Les quatre ami·es de Bologne, capitale de l’Émilie-Romagne, décident alors de prendre le taureau par les cornes. Et leur appel dépasse largement leurs espérances. Le 14 novembre, sur la Grande Place, à Bologne, ce ne sont pas six mille personnes, comme escomptées, qui se tiennent serrées les unes contre les autres pour dire non à la Ligue en Émilie-Romagne, mais bien quinze mille. Deux règles simples : venir sans aucun signe de rattachement à un parti ou à une organisation quelconque et ne jamais être offensant ni insultant, histoire de contraster avec la violence verbale usuelle de Salvini. Puis tout s’enchaîne, très vite. En quelques semaines, la contagion se propage dans tout le pays. Modène, Rimini, Florence, Sorrente, Turin, Naples… Des centaines de milliers de personnes envahissent leurs places avec de joyeuses sardines bricolées dans du carton sur lesquelles on griffonne des slogans antiracistes et entonnent en chœur Bella Ciao, l’hymne de la résistance italienne. Enfin, aujourd’hui, « la majorité jusque-là silencieuse » se réveille et « reprend la place Saint-Jean », dixit les organisateurs. Tout un symbole puisque, le 19 octobre, Salvini y avait organisé un meeting sous le mot d’ordre #FiertéItalienne.
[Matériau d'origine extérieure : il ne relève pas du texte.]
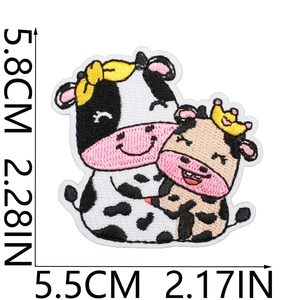 Detailed view of cartoon cow embroidered patch with specific dimensions 5.8cm by 5.5cm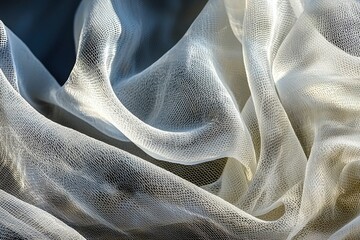 Poster - A delicate, flowing white tulle fabric with an intricate net pattern, softly illuminated to create subtle shadows and graceful folds, perfect for design.
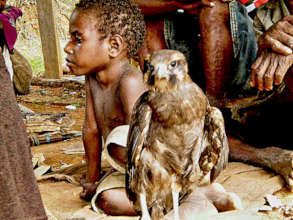 A boy and a bird of prey relax together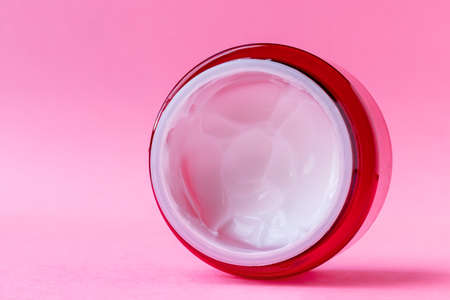 Round open red plastic jar with with white cream inside on a pink background with copy space. Skin care, cosmetics concept. Beauty packaging template. Side closeup viewの写真素材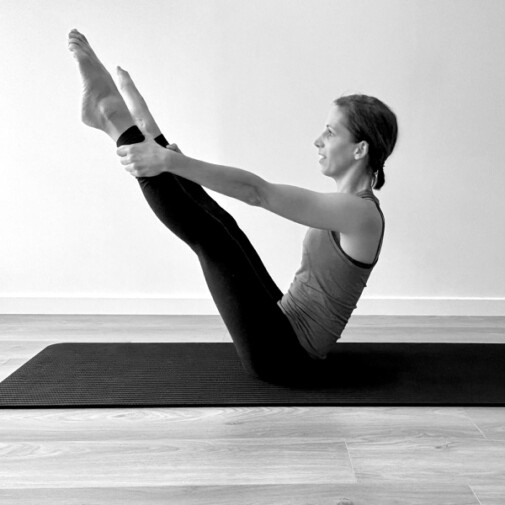 Exercice de Pilates matwork Open Leg Rocker 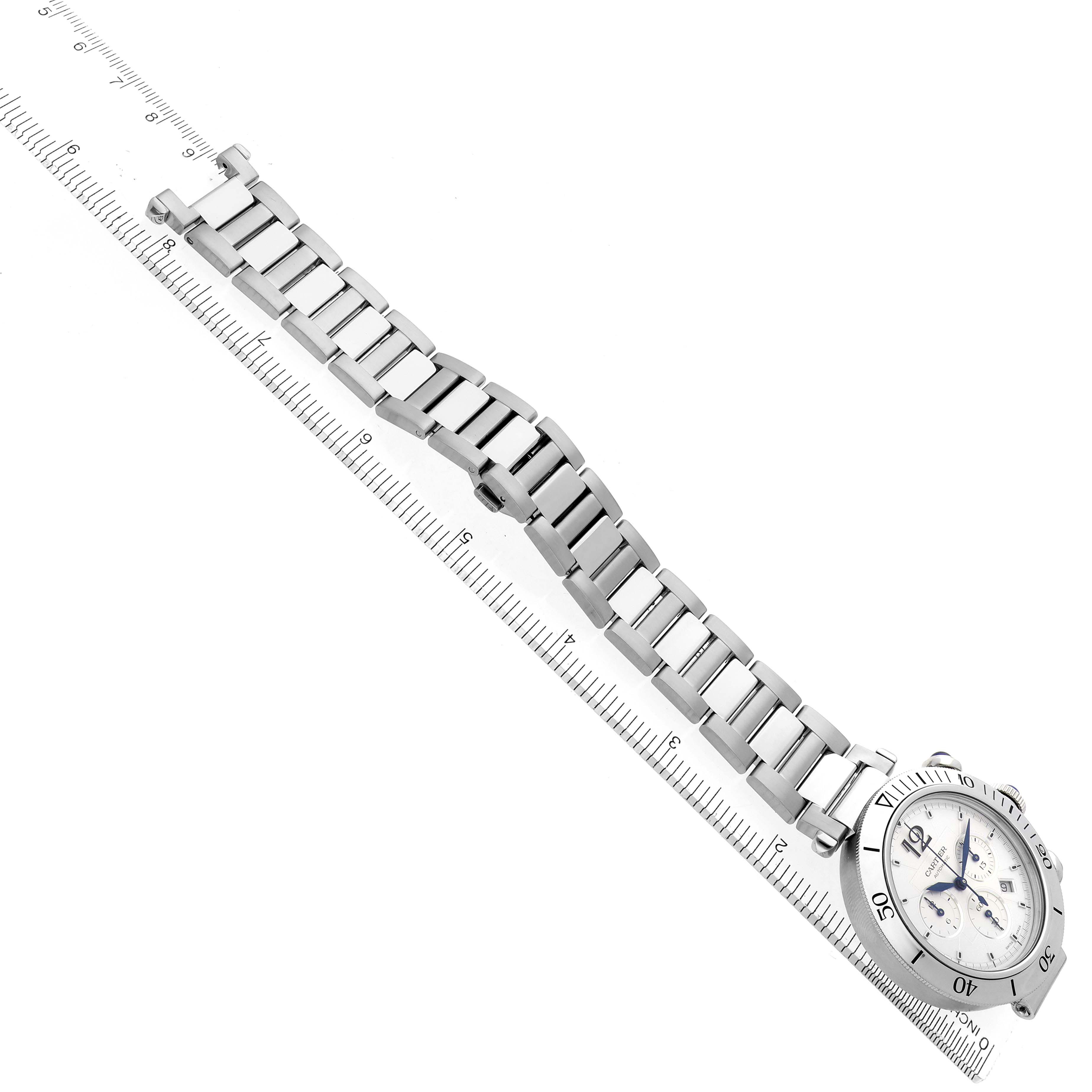 The Cartier Pasha WSPA0018 Men
s Stainless Steel Silver Dial WSPA0018 Men
s Stainless Steel Silver Dial watch is shown at an angle showcasing its face and metal bracelet resting on a ruler.
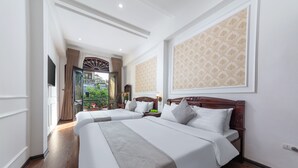 Une chambre d’hôtel avec deux lits, une grande fenêtre et un balcon avec vue.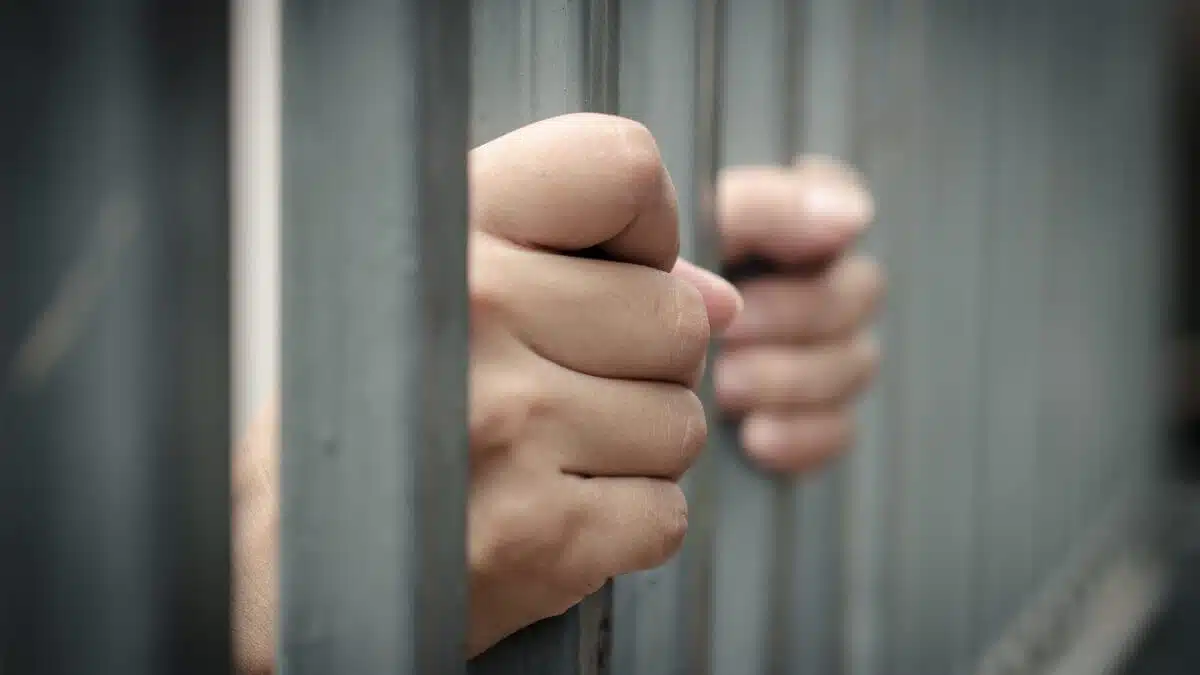 Manos de una persona agarrando los barrotes de una celda de prisión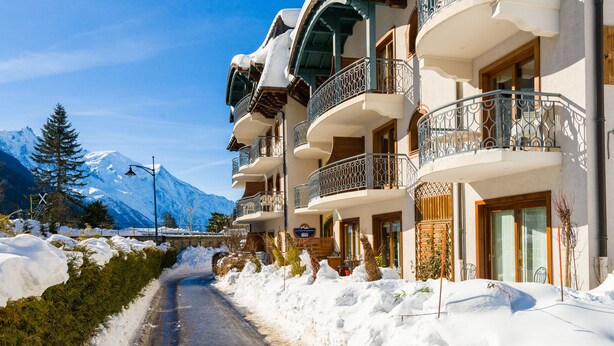 A hotel with multiple balconies, a snow-covered path, and a mountain in the background. - Residence  Le Cristal d'Argentière (Chamonix-Mont-Blanc)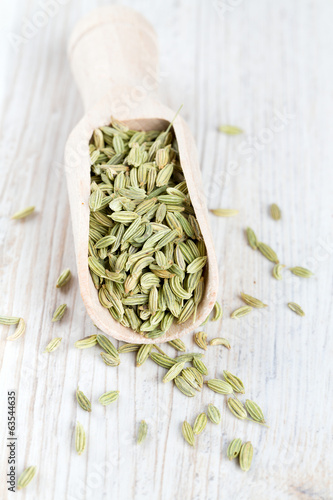 fennel seed in a wooden scoop on table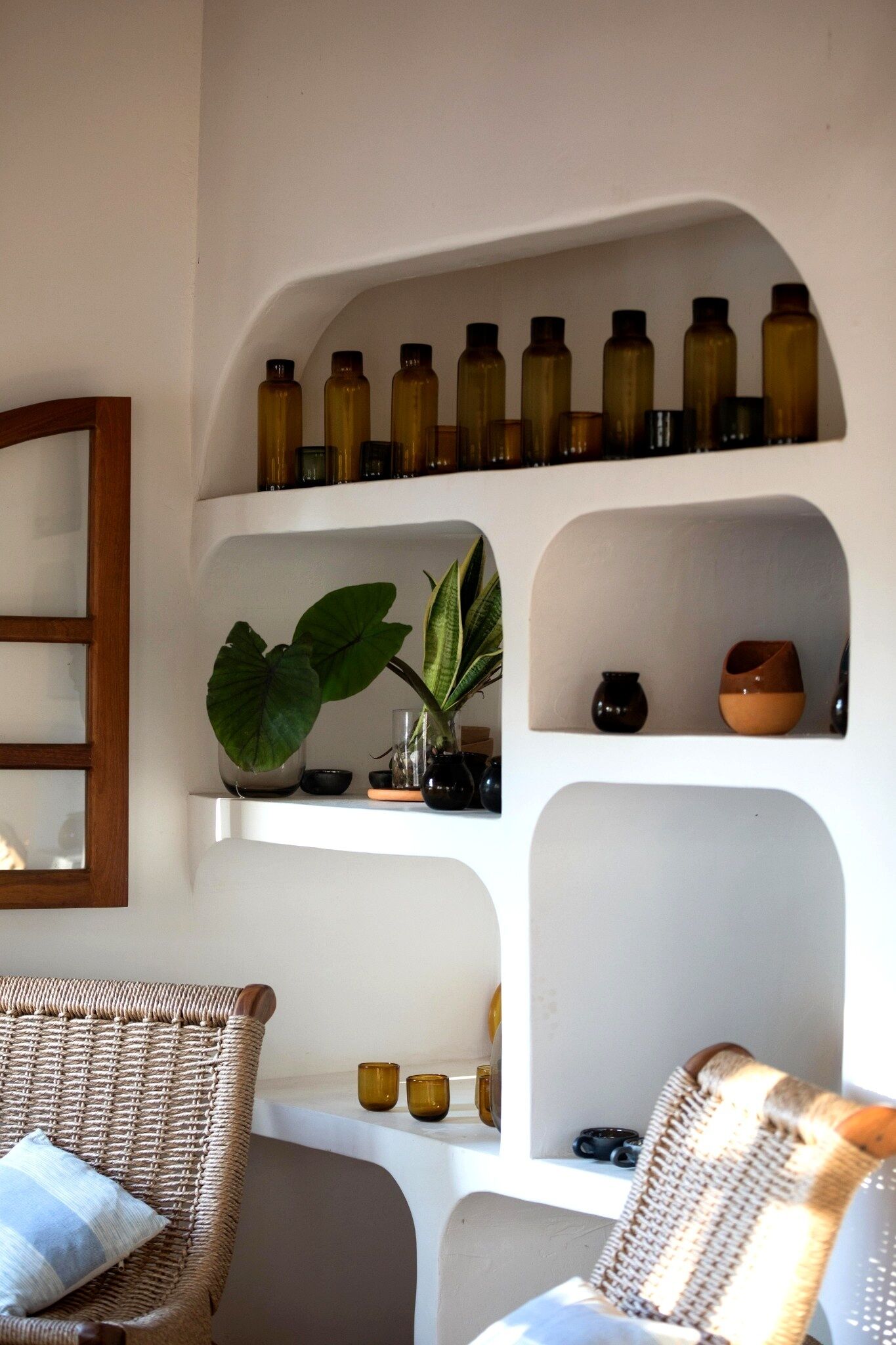 A room with wicker chairs, a shelf with bottles, a plant, and a mirror.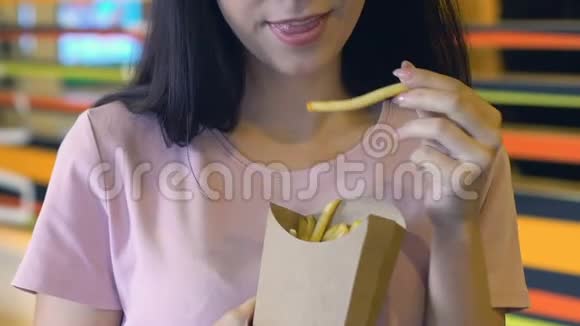 快乐的女人在镜头前吃脆脆和咸炸薯条外卖视频的预览图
La Constitution comme pilier
Après avoir suscité tant d’ébullitions, les Sardines se sont donné rendez-vous à Rome le 14 décembre pour tester, à l’échelle de la capitale, l’essor de leur mobilisation. Ils étaient 35 000 selon la police, plus de 100 000 selon les manifestant·es… L’immense place Saint-Jean-de-Latran était en tout cas noire de monde. Ce jour-là, ce sont des années d’atavisme politique que les Sardines expient. « Cette histoire a pris un tournant inattendu, parce que les cerveaux se sont remis à fonctionner, la démocratie a été réactivée et les gens ont enlevé les filtres des réseaux sociaux. Ils sont venus voir et sentir qu’ils faisaient partie d’une communauté », lance Mattia Santori au micro. Sa voix puissante résonne sur les murs de la basilique Saint-Jean-de-Latran, et des frissons parcourent l’assemblée. « Nous avons gagné cent treize places à zéro en un mois. »
« L’Italie ne se ligue pas », crient les participant·es, toutes générations confondues, certain·es venu·es par bus affrétés de toutes parts dans le pays. L’émotion est palpable. Une jeune femme pleure à chaudes larmes dans les bras de son compagnon quand résonne Fratelli d’Italia, l’hymne national. Et lorsque des jeunes Italien·nes d’origine étrangère viennent lire à l’estrade des extraits de la Constitution, une partie de l’assistance la murmure à l’unisson. « Les Sardines sont des gens de tout âge issus d’une classe moyenne éduquée. Leur adhésion aux valeurs de la Constitution est loin d’être anodine, observe l’historienne installée en France, Ludmila Acone. C’est le texte que nous ont légué les Partigiani au sortir de la guerre. Dans l’article 1, il est précisé que l’Italie est une “république démocratique fondée sur le travail”. L’article 3 affirme l’“égalité des citoyens sans distinction de sexe, de race, de langue, de religion ou d’opinion politique”. Quant à l’article XII*, il interdit la reformation d’un parti fasciste. »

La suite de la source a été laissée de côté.